__WHAT TO PRODUCE__
Would you copy only the lines below, from the one containing "Atrapalhados: assaltante cai" through the very last one, leaving the pictures out?

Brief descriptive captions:
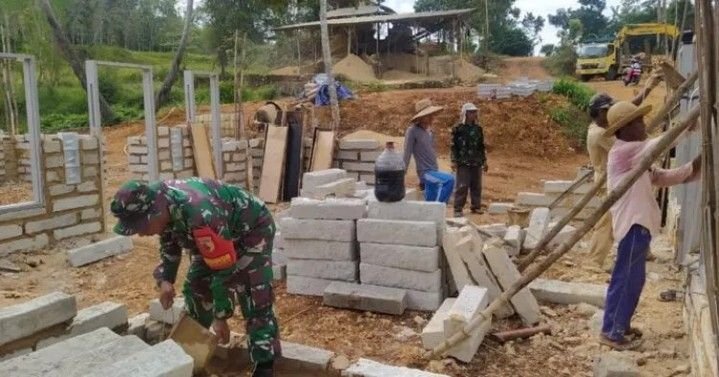 Kerja Bakti Bersama Warga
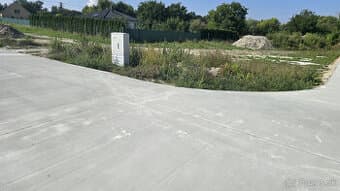 PREDAJ STAVEBNÝ POZEMOK 613 M² BOROVCE /VODA, ELEKTRINA, KAN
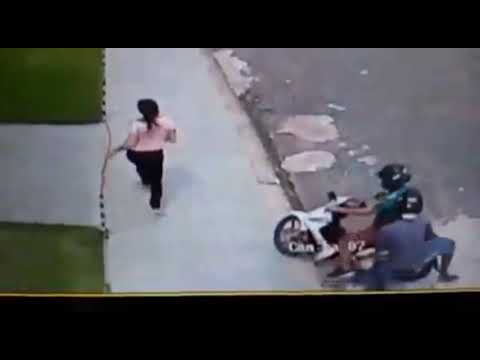 Atrapalhados: assaltante cai de moto após roubar bolsa de mulher no Vila Ivonete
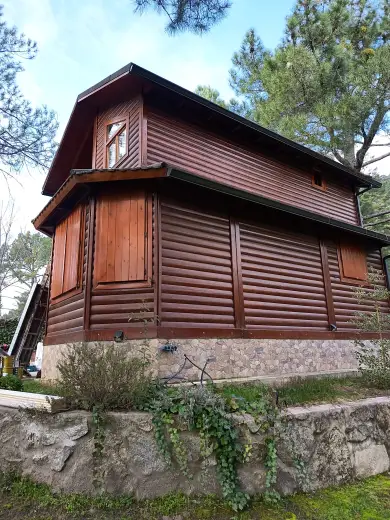 Chalet de madera a medida en entorno de pinar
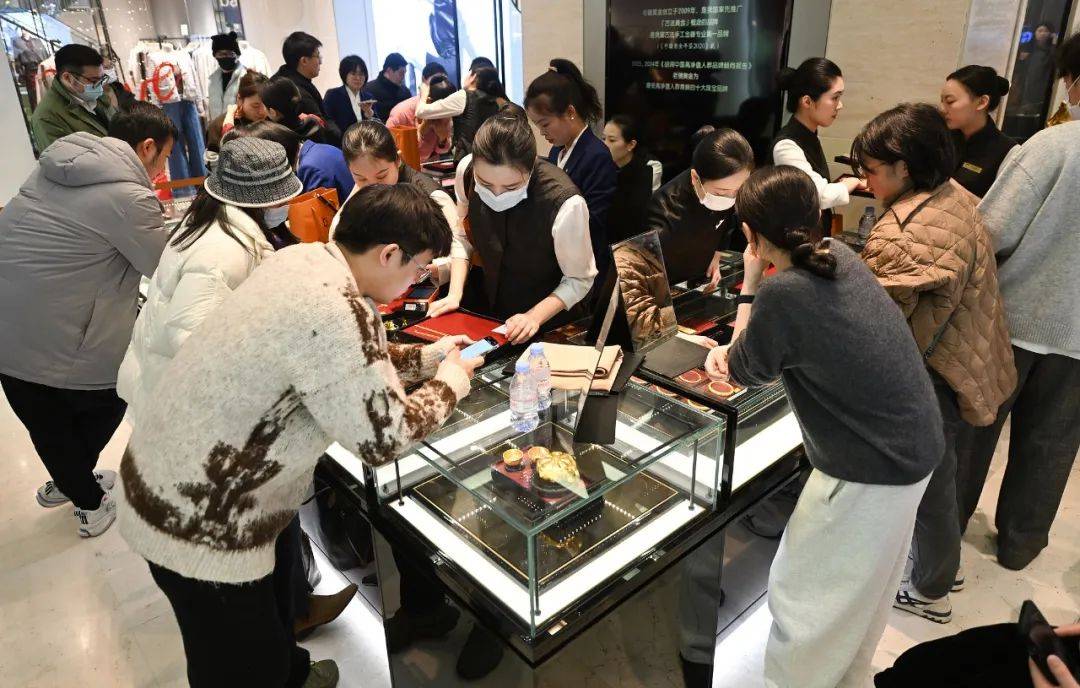 老廟黃金項鏈上面刻什么_老廟黃金項鏈多少錢一克_老廟黃金以克換克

__EXERCISE OUTPUT__
 Atrapalhados: assaltante cai de moto após roubar bolsa de mulher no Vila Ivonete
 Chalet de madera a medida en entorno de pinar
 老廟黃金項鏈上面刻什么_老廟黃金項鏈多少錢一克_老廟黃金以克換克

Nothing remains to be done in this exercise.